*** Block opens ***

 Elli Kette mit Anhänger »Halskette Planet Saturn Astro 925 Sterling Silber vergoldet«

*** Block closes ***
*** Block opens ***

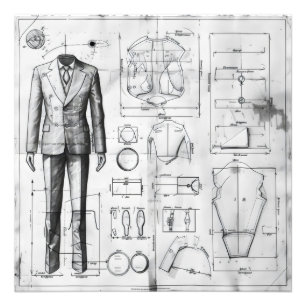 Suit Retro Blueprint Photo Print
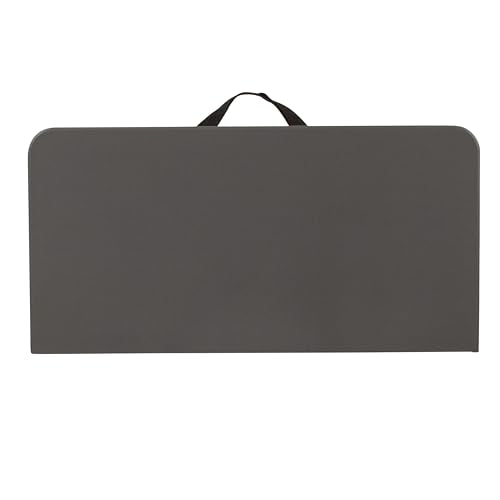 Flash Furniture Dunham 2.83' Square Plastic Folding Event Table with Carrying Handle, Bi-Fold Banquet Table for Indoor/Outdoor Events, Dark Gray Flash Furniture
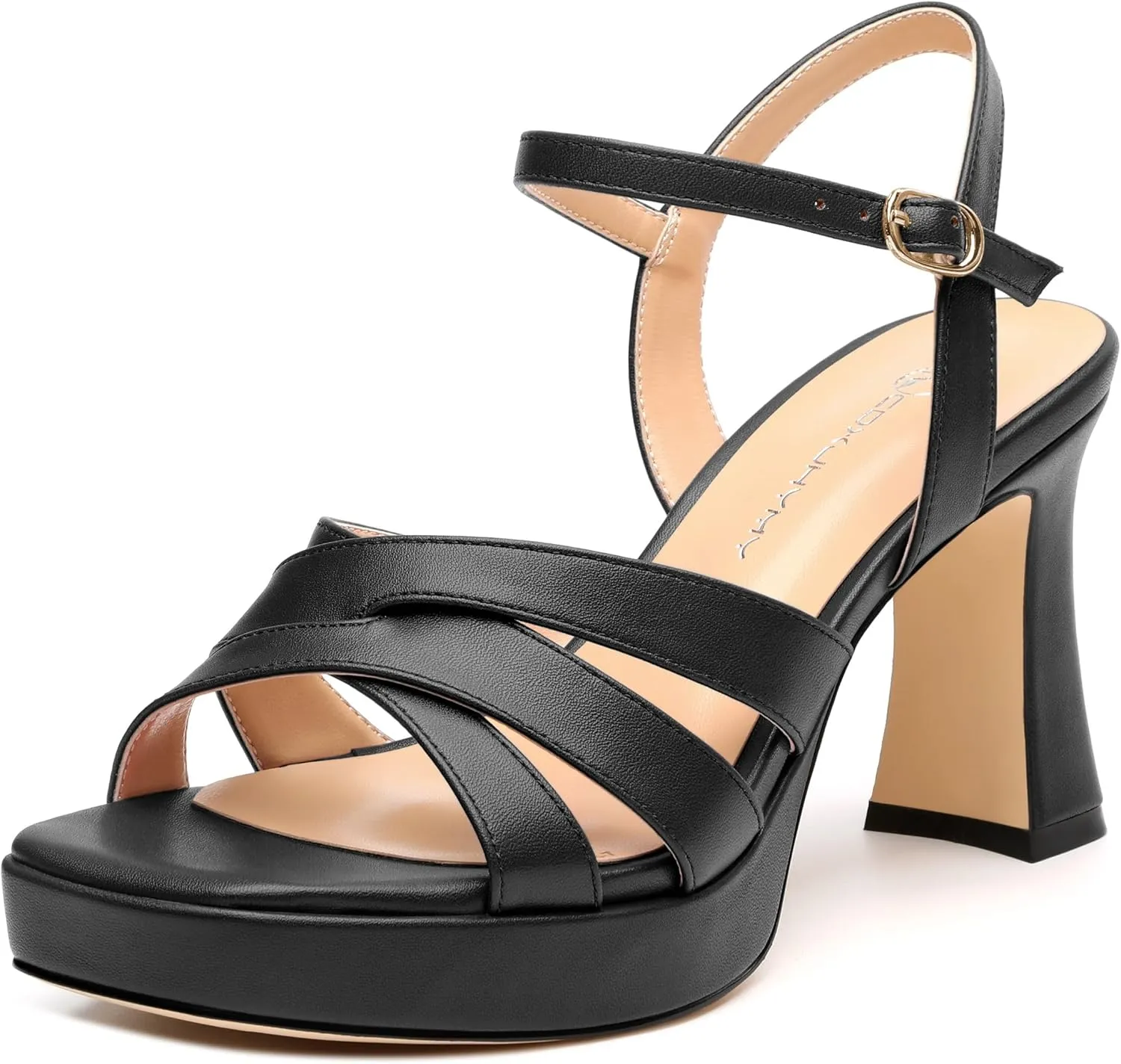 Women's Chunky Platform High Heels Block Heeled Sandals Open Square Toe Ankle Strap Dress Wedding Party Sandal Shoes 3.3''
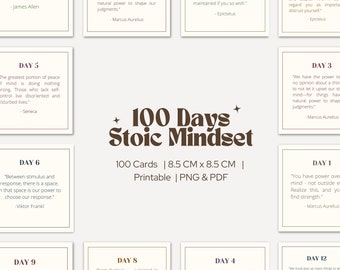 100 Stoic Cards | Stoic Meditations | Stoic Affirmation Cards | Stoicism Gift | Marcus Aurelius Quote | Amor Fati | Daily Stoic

*** Block closes ***

◆ YOUR OBJECTIVE:
Everything above from the line with "Flash Furniture Dunham" through the line with "100 Stoic Cards" should be retyped exactly, and nothing else; omit pictures.

◆ RESPONSE AREA:
 Flash Furniture Dunham 2.83' Square Plastic Folding Event Table with Carrying Handle, Bi-Fold Banquet Table for Indoor/Outdoor Events, Dark Gray Flash Furniture
 Women's Chunky Platform High Heels Block Heeled Sandals Open Square Toe Ankle Strap Dress Wedding Party Sandal Shoes 3.3''
 100 Stoic Cards | Stoic Meditations | Stoic Affirmation Cards | Stoicism Gift | Marcus Aurelius Quote | Amor Fati | Daily Stoic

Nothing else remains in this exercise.